His parents sternly admonished him for his morbid idea and a minute later he was sitting on my lap, showing me his wooden bead collection.
Later in the evening Beckett’s sister, Eliza, pretended to zap me with her Star Wars light saber. I feigned pain and asked Beckett to defend me against his Jedi sister. Before I could stop him, Beckett jumped off my lap and began beating on his sister. This, of course, caught the attention of his father who put Beckett in a time out for hitting his sister. It was my fault; I owe that boy an ice cream cone.
Sunday evening we drove to a nearby town for supper. Because their car seats are easier to transfer, the two older children – Eliza and Wyatt – rode with Julie and me. Beckett and his cousin, Lincoln, rode with their parents.
Eliza and Wyatt seemed fascinated with speed and encouraged me to drive faster. I refused, explaining speed limits and why one does not want to drive faster than the speed limit. I came to believe they would have enjoyed seeing me get a speeding ticket.
Wyatt asked what was the fastest I had ever driven. I didn’t want to lie to the lad but I also didn’t want to encourage bad behavior in a boy who in little more than 10 years will have his own driver’s license. I didn’t answer immediately but the question persisted so I admitted than when I was a very stupid teenager I had driven more than 130 miles an hour. When I realized that Wyatt thought that was cool I reiterated the foolishness of my behavior.
“Was it fun?” Wyatt persisted.
“No, it was scary,” I admitted.
The question remains: is it better to lie to a child or to be honest and admit your stupidity?

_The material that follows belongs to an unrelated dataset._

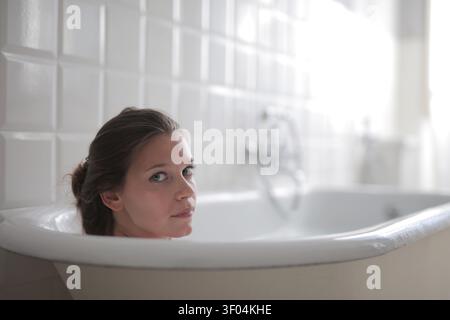 Donna che si guarda alle spalle nella vasca da bagno Foto Stock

My heart was touched as we left the restaurant Sunday evening. Eliza and Wyatt had strapped themselves into their car seats in our vehicle. Little Lincoln headed for our car. When his mother called him to ride with her, Lincoln said, “I want to ride with Arvid.”
Car seats are an excellent idea but at the moment I would have enjoyed having all four of the grandchildren with us. They have all accepted me and it is my privilege to be their surrogate grandfather. I felt like the Grinch when I explained to Lincoln that he couldn’t ride with Grandma and Arvid.
Monday afternoon we waited until all four children had awakened from their naps before leaving for home. While I’m usually anxious to get on the road, the warm good-bye hugs from each of the grands made the wait worthwhile.
A few days later Julie asked if I had any thoughts on what to buy the grandchildren for Christmas. I told her I had no ideas, “But don’t buy Beckett a sling shot.”